Je me suis installée à Petite-Rivière-du-Loup, il y a maintenant un quart de siècle. J’affectionnais déjà la maison aux bardeaux blancs lorsqu’elle fut mise en vente. L’intuition trompe rarement. Je me plais beaucoup dans ce petit village. J’apprécie la tranquillité et la nature sauvage. La forêt et les montagnes donnent accès à des sentiers qu’empruntent les ours, les chevreuils, les orignaux et les coyotes. Les lièvres attirent les renards. Les marmottes et les ratons laveurs logent à proximité des demeures. Grâce à la confiance et à la générosité des voisins, je peux circuler librement à pied dans toutes les directions. C’est cette liberté que je privilégie par-dessus tout.
Petite-Rivière-du-Loup a bien traversé son passé et regorge de promesses d’avenir. Des enfants poussent dans les maisons. Le printemps les fait sortir. Les parents derrière les poussettes, les plus grands à vélo et les adultes parcourent le chemin principal et la rue du Verger. Même si les gens ici ne se fréquentent pas plus qu’ailleurs, on se reconnaît et on se salue.

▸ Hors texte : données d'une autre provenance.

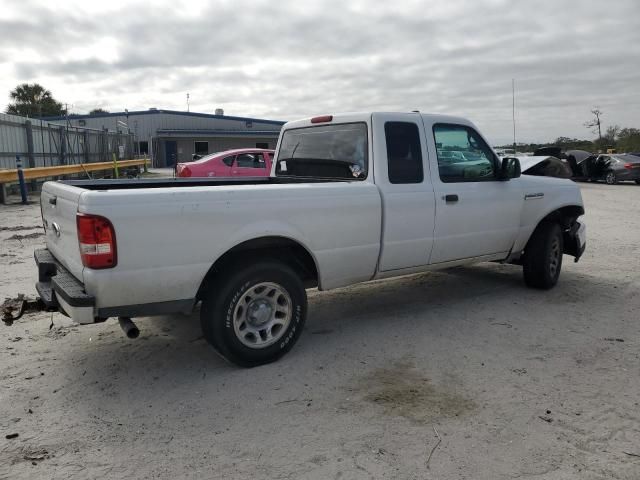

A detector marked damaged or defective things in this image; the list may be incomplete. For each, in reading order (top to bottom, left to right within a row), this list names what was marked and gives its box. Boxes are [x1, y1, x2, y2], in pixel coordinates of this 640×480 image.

wrecked vehicle [33, 113, 584, 368]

Le village possède un centre de ski et un modeste terrain de jeux pour les enfants. Les fruits du verger et leurs produits dérivés, ainsi que le miel et les oeufs frais attirent une clientèle variée chez Rodrigue et Julie. Quelques habitants taillent encore les érables et bouillent leur sirop. Les produits du terroir sont de grande qualité. Je ramasse à chaque printemps les têtes de violon en surabondance sur les berges de la Petite-Rivière-du-Loup. La nature est généreuse ici.

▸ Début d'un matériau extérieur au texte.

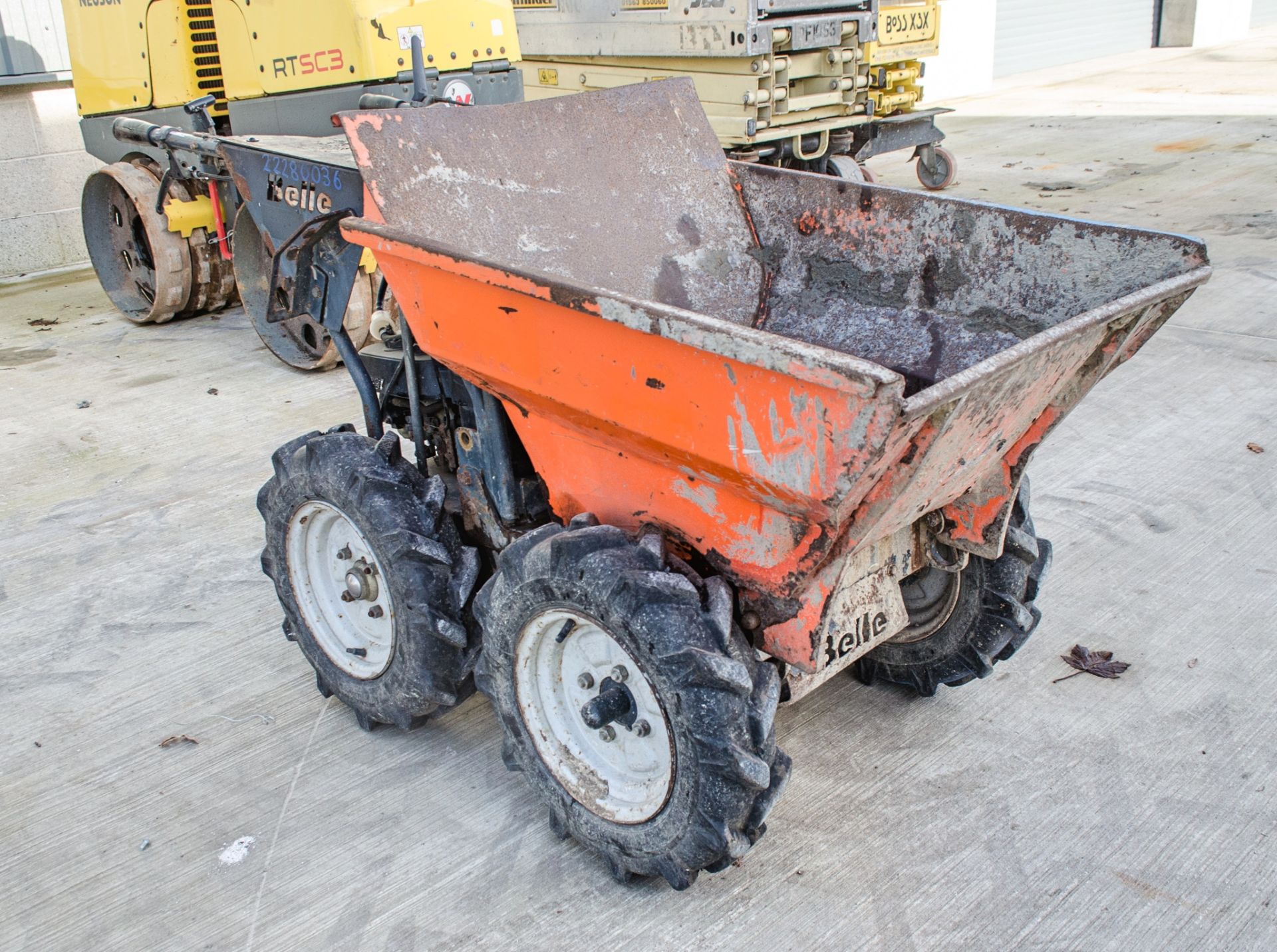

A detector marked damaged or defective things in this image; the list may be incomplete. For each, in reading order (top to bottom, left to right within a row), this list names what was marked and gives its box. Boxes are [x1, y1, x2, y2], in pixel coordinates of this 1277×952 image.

rusted skip bucket [334, 82, 1213, 673]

À Petite-Rivière-du-Loup, le temps file autrement. L’endroit attire les artistes : chanteurs, musiciens, peintres et sculpteurs. Un poète José Acquelin a raconté Petite-Rivière-du-Loup dans un poème. Bertrand Laverdure a eu l’idée d’inviter des poètes à écrire chacun sur un petit village du Québec. Sept petits livres ont ainsi vu le jour. Ils donnent à saisir le pouls, deviner l’âme et capter les vibrations autant dans les objets que dans les êtres. Chaque petit village possède sa dignité, son mystère. Parcourir à pied un petit village, c’est tourner avec lenteur les pages d’un carnet de voyage à venir. C’est découvrir le patrimoine.

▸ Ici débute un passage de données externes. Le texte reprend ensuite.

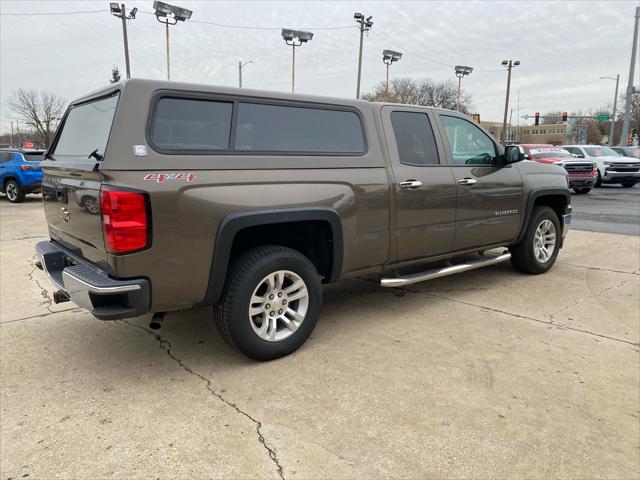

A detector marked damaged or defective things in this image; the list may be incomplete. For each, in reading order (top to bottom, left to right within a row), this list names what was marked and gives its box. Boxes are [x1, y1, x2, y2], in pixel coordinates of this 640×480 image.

crack in pavement [119, 318, 284, 480]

Aucun pas de mon enfance n’avait foulé Petite-Rivière-du-Loup. Pourtant je la retrouve dans mes randonnées solitaires. Je suis les pistes des chevreuils, hume la gomme d’épinettes et remonte le sentier des souvenirs. La forêt sait rassembler tous mes âges. Au fond, chaque pas contient tous les autres. Il n’y a que le dernier qui m’ouvrira la terre.
Mon petit village vaut la peine d’être foulé de ton pas, scruté de ton regard. Tu n’y verras aucune maison abandonnée. Un rêveur attend sûrement quelque part que l’une d’entre elles se libère, comme on attend la terre promise. Si tu arrives au petit jour, tu pourras admirer la valse de la brume avec la montagne. À Petite-Rivière-du-Loup, chaque maison a vue sur une montagne et sur des rêves à venir.
Le pays recèle de ces petits villages de moins de 400 résidants. Les autoroutes les boudent, les gens pressés les ignorent. Prendre le chemin des petits villages, c’est prendre le chemin de la lenteur, des détours, là où il fait bon se perdre. Si tu fais la découverte d’un petit village, donne-moi de ses nouvelles.